"Solo il crollo del comunismo salverà il Tibet"

Tibet_occupatoIdeazione.com, 26 marzo 2008

Profondo conoscitore della storia e della spiritualità tibetana, l’autore di “Lontano dal Tibet” traccia scenari presenti e futuri della crisi in corso. Intervista a CARLO BULDRINI

di Elisa Borghi

Carlo Buldrini ha vissuto in India per trent’anni, ha scritto libri che a Nuova Delhi sono dei best-seller ed è stato addetto reggente dell’Istituto italiano di cultura di Nuova Delhi. Ma quello che più interessa della biografia di questo scrittore, che di recente ha pubblicato per i tipi di Lindau il volume “Lontano dal Tibet”, è la profonda conoscenza delle cultura tibetana e l’amicizia con Tenzin Gyatso, quattordicesimo Dalai Lama.

Prima di recarsi a Oslo per ricevere il Nobel per la Pace, è a Buldrini che Gyatso rilascia in esclusiva una lunga intervista sulle difficoltà che deve affrontare la sua gente. Ed oggi lo scrittore, che ancora si commuove ricordando quei momenti, ci racconta come il Dalai Lama è cambiato rispetto ad allora e come i tibetani vivono una rivolta che sta scuotendo il mondo intero.
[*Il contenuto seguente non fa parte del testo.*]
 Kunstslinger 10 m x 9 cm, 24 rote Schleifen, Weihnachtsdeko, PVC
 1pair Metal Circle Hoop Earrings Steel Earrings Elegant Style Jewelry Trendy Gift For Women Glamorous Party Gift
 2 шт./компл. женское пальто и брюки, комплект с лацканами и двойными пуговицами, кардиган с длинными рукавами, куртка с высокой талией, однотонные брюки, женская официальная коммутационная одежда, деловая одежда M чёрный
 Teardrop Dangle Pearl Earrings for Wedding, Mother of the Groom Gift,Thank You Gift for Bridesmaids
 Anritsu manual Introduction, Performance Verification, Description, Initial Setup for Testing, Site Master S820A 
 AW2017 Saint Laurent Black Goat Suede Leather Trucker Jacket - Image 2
Una rivolta “importante perché non si limita a Lhasa ma coinvolge anche le province appartenenti al Tibet storico, quelle che oggi sono territorio cinese a tutti gli effetti. Tutti i tibetani, dentro e fuori il Tibet storico – dice Buldrini – sono con il Dalai Lama nel chiedere Bod rangzen, Tibet libero”. E ad ascoltarlo viene voglia di alzare la voce e di intonare anche noi, così lontani dal Tibet, le parole e i canti della protesta e della speranza.
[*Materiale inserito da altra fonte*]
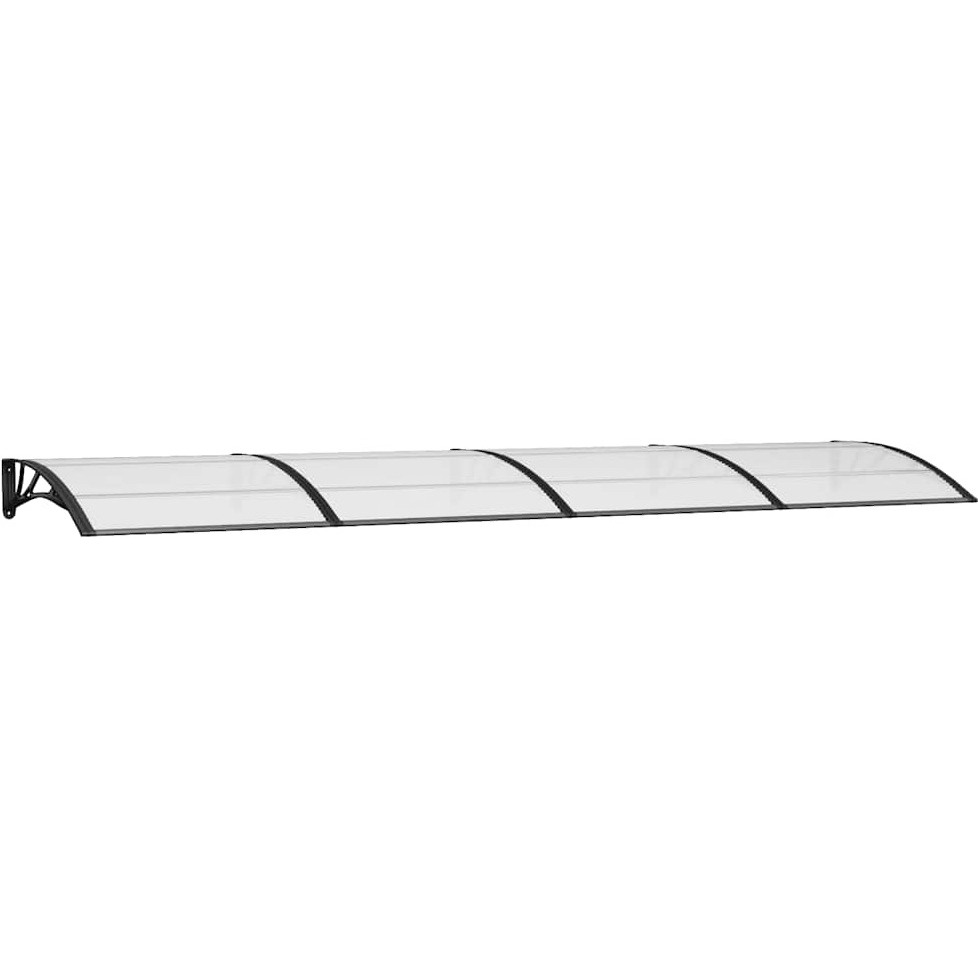 vidaXL Door Canopy Black 157.5&quotx39.4" Polycarbonate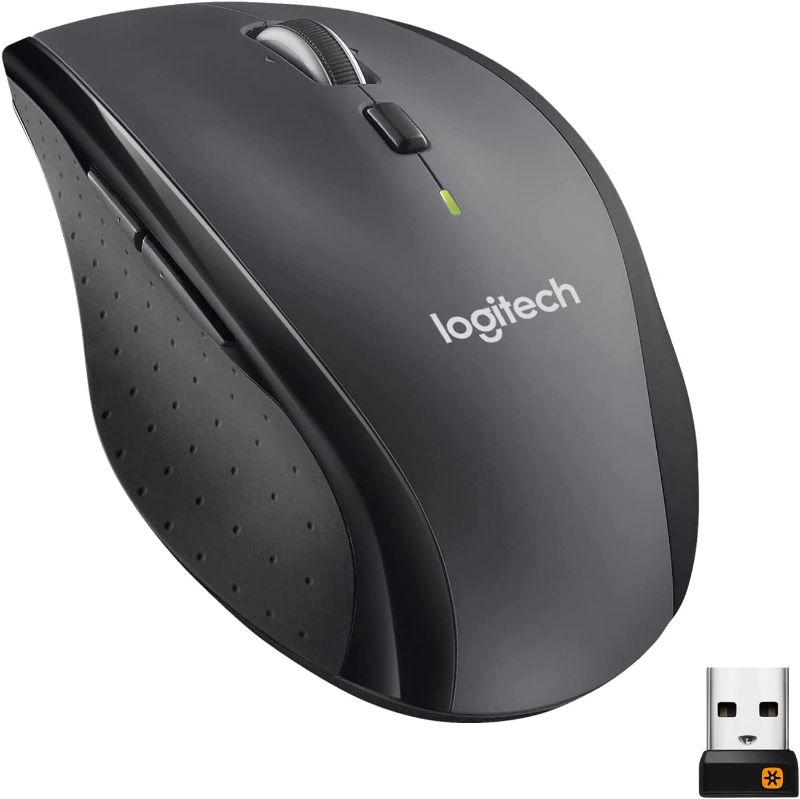 Photo 1 of Logitech M705 Marathon Wireless Mouse, 2.4 GHz USB Unifying Receiver, 1000 DPI, 5-Programmable Buttons, 3-Year Battery, Compatible with PC, Mac, Laptop, Chromebook - Black
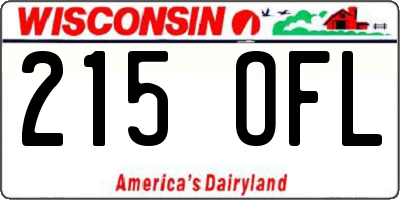 WI license plate 215OFL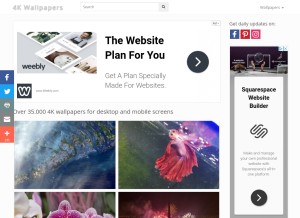 How free4kwallpapers.com looks like on a tablet such as an iPad.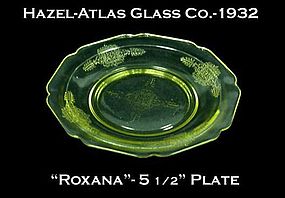 Hazel-Atlas ~ "Roxana" Golden Topaz 5 1/2" Plate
Buldrini partiamo dalle origini, dalla nascita della rivolta. Perché ha inizio proprio il 10 marzo?

Perché il 10 marzo è l’anniversario dell’insurrezione di Lhasa. Nel 1959 il Dalai Lama, lo stesso di oggi ma al tempo ventiquattrenne, era nel Norbulingka, la sua residenza estiva, quando si sparse la voce che se avesse accettato l’invito di recarsi a una rappresentazione teatrale fattogli dall’esercito cinese sarebbe stato rapito. Trentamila persone allora circondano il luogo in cui risiede per proteggerlo e per impedirgli di spostarsi.

La protesta dei tibetani continua fino a degenerare in aperta rivolta e il 17 marzo l’esercito bombarda il Norbulingka e costringe il Dalai Lama a fuggire nella notte. Tenzin Gyatso arriverà in India il 3 aprile e da quel momento inizia il suo esilio. Una vera tragedia per i tibetani, che ogni 10 marzo festeggiano la loro festa nazionale in memoria di questi fatti nonostante l’occupazione cinese abbia avuto luogo dieci anni prima, nel 1949-50.

L’occupazione cinese come cambia la vita dei tibetani?

L’occupazione provocherà, nelle sue prime due fasi – quella della collettivizzazione e quella delle Rivoluzione Culturale – un milione e duecentomila morti nelle tre regioni storiche del Tibet, l’U-tsang, il Kham e l’Amdo. La rivoluzione culturale porta a una completa sinizzazione del Paese, come dimostra la distruzione dei monasteri: nel 1959 esistevano in Tibet 6259 monasteri, nel 1976 ne restavano in piedi otto.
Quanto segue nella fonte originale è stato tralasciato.